What will students learn in the program? What’s the program format? The Notre Dame MSBA is a four-module, 31-credit-hour program that includes 27 hours of required courses and four credit hours of electives. The program’s goal is “to provide a rigorous education in applying analytical techniques to massive data sets to solve business problems — knowledge that has become critically important due to revolutionary advances in information technology,” according to a school news release. Coursework includes foundational classes such as data management, predictive analytics, and machine learning, as well as specific applications in sports analytics, marketing research, emerging issues in analytics and data storytelling. The program also provides focused career planning and coaching.

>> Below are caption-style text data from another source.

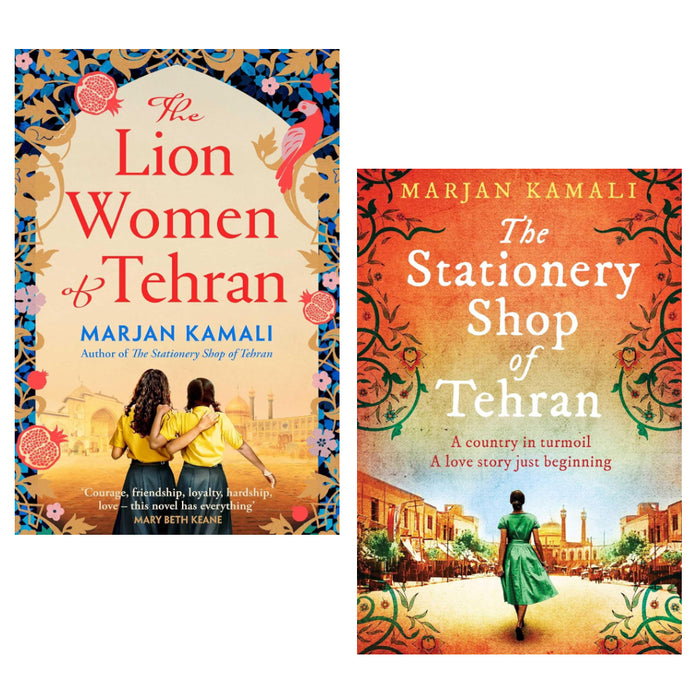 Marjan Kamali 2 Books Set (The Lion Women of Tehran The Stationery Shop of Tehran)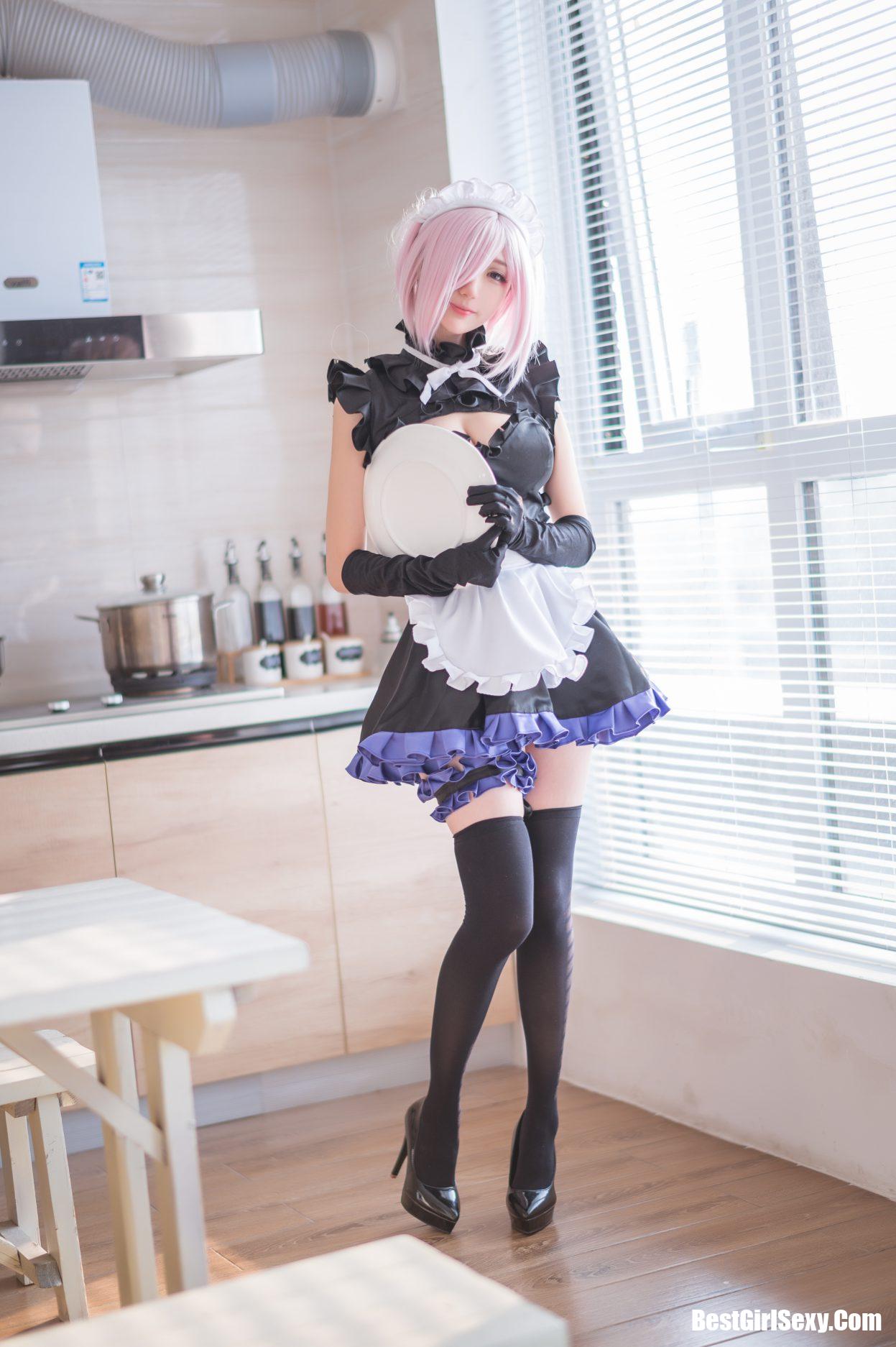 Coser@周叽是可爱兔兔 Vol.025 玛修 4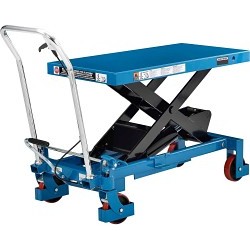 Sim Imports SCGL1002 Scissor Lift Table, 2200 lb, 40 in Platform Length, 20 in Platform Width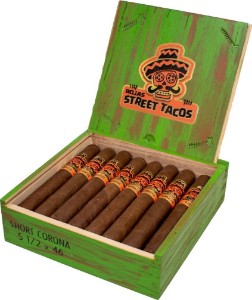 Buy Rojas Street Tacos Short Corona online: The Street Tacos by Noel Rojas features a Sumatra wrapper over Nicaraguan binder and fillers!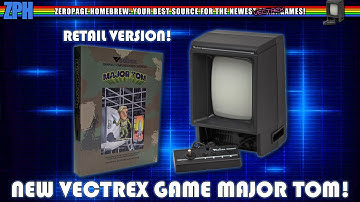 Vectrex Day: New Game Physical Release of Major Tom!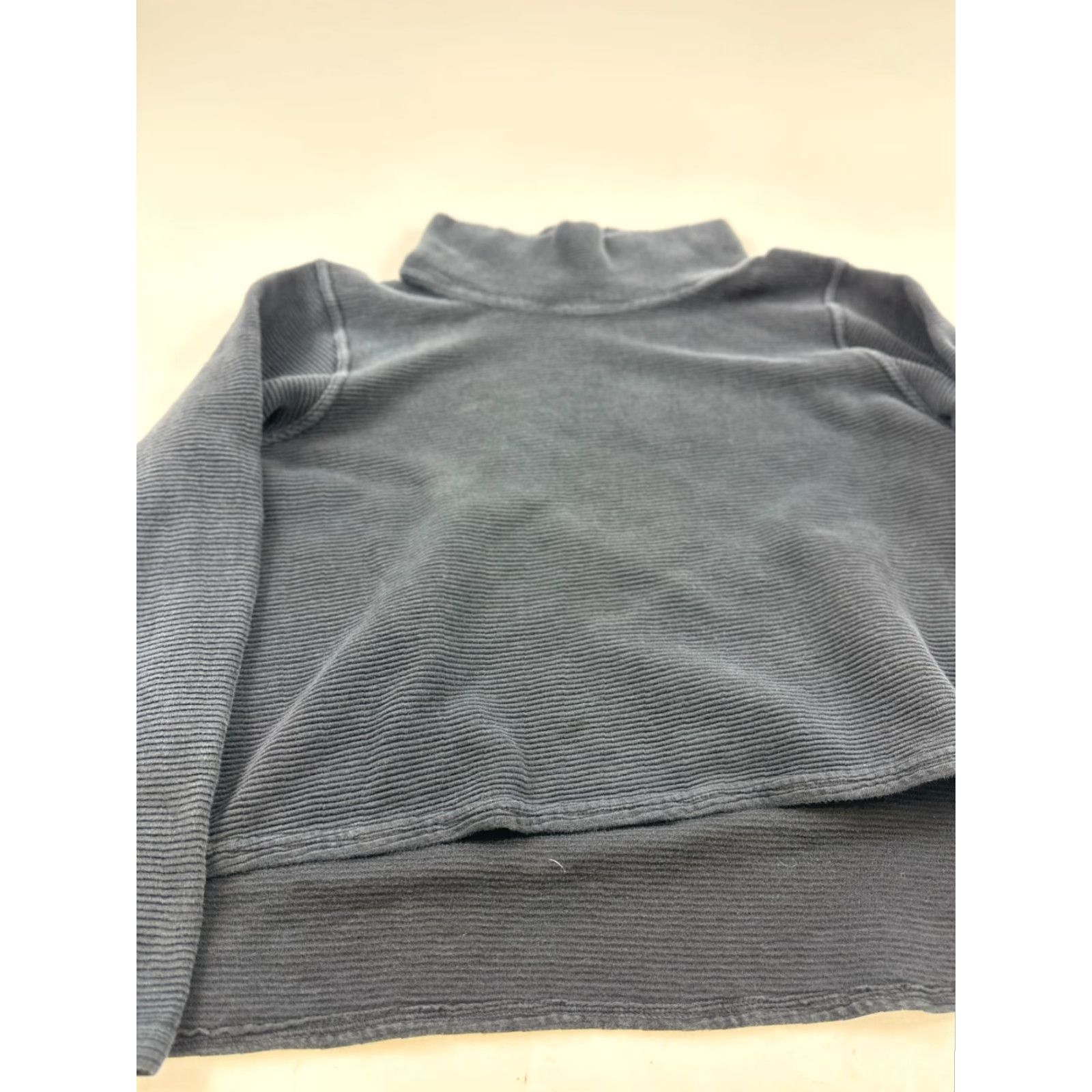 Hard Tail Hard Tail Sweater Womens Large Black Ribbed Knit Long Sleeve Mock Neck USA Made Size L / US 10 / IT 46 - 3 Thumbnail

“In addition to learning about cutting-edge data analytics, our MSBA students have the opportunity to explore the ethical dimensions of collecting and analyzing data to promote business as a force for good in society,” says Katherine Spiess, associate dean for graduate programs at Mendoza. “And, as members of the Notre Dame family, our graduates join one of the most loyal and engaged alumni networks in the world.”

How can students prepare themselves before the program begins? Books to read? TED Talks to watch? “We have a certain amount of pre-work that we do for our courses that typically does involve something liken online course or watching a few video lectures or something like that,” Easley says. “It’s basically to make sure that you are ready for the course when you start. We don’t do that for all the classes, but for some of the machine learning courses or data management courses, where you are going to be picking up some skills in R or something like that, we offer some pre-work on various platforms. Some of the students might be familiar with that, and they don’t have to do it, but the ones who have never heard of it and are a little nervous about it, they will have an opportunity to do that.”

What do you expect student outcomes to be? “We’re hoping initially to have a cohort of 20-30 students — we don’t mind starting small,” Easley says. “We are already offering all of the classes and we have developed them and we already have master’s-level students in them. So we can serve a relatively small class. They will have their own cohort in the first semester and then they will join the MBA students that are doing the dual degree in the second semester. In the long run, I’d like to really get to something like the 40-50 range, and then we would run it entirely as its own program with their own dedicated classes. We have a strategy of getting there slowly o we don’t have the pressure of having to jump straight to the big class.

“Right now with our dual-degree students, our first class are in internships now and we have a 100% placement rate with them. They are getting their MBA and MSBA in two years; next year we will have experience placing them to full-time positions. So my hope would be that in the long term, we continue to have really excellent placement rates and salaries with these students.”